On 4 September Hajar sent a letter from prison through her newspaper, Akhbar al-Yaoum. She mentioned that while in custody, she was interrogated about her political writings, and was asked about one of her colleagues at Akhbar al-Yaoum. She was also asked about her family, including her uncle Ahmed Raissouni, a prominent theologist and the ex-president of the Mouvement de l'Unicité et de la Réforme (MUR), one of the largest Islamic movements in Morocco.
This information raises concerns that Raissouni’s arrest was politically motivated and related to her journalistic work. In May 2019, Raissouni had published a series of interviews with Ahmed Zefzafi, father of Nasser Zefzafi, the Hirak El-Rif protest movement leader. She has also published articles critical of Moroccan authorities.

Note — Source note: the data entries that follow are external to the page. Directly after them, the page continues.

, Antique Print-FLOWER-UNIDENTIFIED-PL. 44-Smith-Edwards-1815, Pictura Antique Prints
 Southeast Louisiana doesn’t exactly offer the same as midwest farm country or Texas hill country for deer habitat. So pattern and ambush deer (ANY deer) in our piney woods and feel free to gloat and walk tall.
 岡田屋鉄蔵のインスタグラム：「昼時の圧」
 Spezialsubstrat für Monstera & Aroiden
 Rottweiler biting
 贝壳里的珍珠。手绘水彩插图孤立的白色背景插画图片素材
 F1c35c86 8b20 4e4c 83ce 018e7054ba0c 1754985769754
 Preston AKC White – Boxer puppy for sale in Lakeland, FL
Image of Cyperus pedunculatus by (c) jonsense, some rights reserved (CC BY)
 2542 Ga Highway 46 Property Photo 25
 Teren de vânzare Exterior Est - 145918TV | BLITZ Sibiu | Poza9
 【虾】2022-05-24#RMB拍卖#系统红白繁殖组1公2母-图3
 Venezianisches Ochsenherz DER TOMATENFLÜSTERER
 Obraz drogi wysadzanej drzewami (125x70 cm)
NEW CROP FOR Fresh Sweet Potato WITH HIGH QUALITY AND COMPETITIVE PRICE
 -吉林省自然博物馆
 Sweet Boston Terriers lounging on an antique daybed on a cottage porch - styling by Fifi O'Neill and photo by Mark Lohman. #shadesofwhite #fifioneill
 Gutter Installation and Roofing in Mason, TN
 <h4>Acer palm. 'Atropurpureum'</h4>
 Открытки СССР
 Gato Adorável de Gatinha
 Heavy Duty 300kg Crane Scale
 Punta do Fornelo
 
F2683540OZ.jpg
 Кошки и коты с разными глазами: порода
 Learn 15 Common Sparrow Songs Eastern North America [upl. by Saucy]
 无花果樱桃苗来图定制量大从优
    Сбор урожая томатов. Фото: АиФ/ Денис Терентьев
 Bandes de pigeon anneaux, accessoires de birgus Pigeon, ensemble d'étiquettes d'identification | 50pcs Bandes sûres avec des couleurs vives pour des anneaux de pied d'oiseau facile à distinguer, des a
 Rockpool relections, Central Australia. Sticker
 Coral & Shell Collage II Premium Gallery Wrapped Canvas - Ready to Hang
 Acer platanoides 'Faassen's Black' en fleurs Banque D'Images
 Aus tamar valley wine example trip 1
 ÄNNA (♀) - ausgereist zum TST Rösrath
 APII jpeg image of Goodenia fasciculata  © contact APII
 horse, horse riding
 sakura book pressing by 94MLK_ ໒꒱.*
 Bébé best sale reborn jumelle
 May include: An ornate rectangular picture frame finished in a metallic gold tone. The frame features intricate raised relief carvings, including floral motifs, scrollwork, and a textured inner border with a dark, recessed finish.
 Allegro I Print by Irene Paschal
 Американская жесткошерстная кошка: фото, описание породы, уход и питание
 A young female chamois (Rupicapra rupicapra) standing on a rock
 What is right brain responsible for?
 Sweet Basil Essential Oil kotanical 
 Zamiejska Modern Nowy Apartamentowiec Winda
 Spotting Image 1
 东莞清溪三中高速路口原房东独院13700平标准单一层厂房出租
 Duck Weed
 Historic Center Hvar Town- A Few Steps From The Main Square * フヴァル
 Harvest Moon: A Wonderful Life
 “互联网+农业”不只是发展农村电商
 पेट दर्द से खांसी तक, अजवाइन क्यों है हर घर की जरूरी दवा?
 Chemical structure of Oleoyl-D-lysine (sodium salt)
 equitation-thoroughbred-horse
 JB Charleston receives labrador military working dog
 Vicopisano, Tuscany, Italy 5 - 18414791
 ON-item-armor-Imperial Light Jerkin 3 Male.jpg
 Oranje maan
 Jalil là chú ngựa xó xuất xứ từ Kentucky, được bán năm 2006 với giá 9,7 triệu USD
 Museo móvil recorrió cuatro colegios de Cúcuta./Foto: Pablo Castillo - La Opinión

In Morocco, journalists and human rights defenders are subject to prison terms for expressing their views peacefully. Prosecutors used disproportionate and inappropriate security-related charges based on offences in the Penal Code and counter-terrorism legislation.
The editor of the newspaper Hajar Raissouni works for, Akhbar al-Yaoum, Taoufik Bouachrine, was sentenced to 12 years in prison on politically motivated charges in November 2018.
Abortion laws in Morocco
Under Moroccan law, sex outside of marriage is a criminal offence. Abortion is criminalised in all circumstances, unless the health of the pregnant woman is at risk and her spouse agrees.
However, under international law women have a right to bodily and personal autonomy, which includes being free to make their own sexual and reproductive decisions. Criminalisation of health services needed primarily by women, such as an abortion, amounts to gender discrimination.
This case is a stark reminder of the urgent need to repeal Morocco’s laws criminalising sex outside marriage and abortion. These provisions violate women’s rights, including the rights to bodily and personal autonomy, non-discrimination, privacy, and health.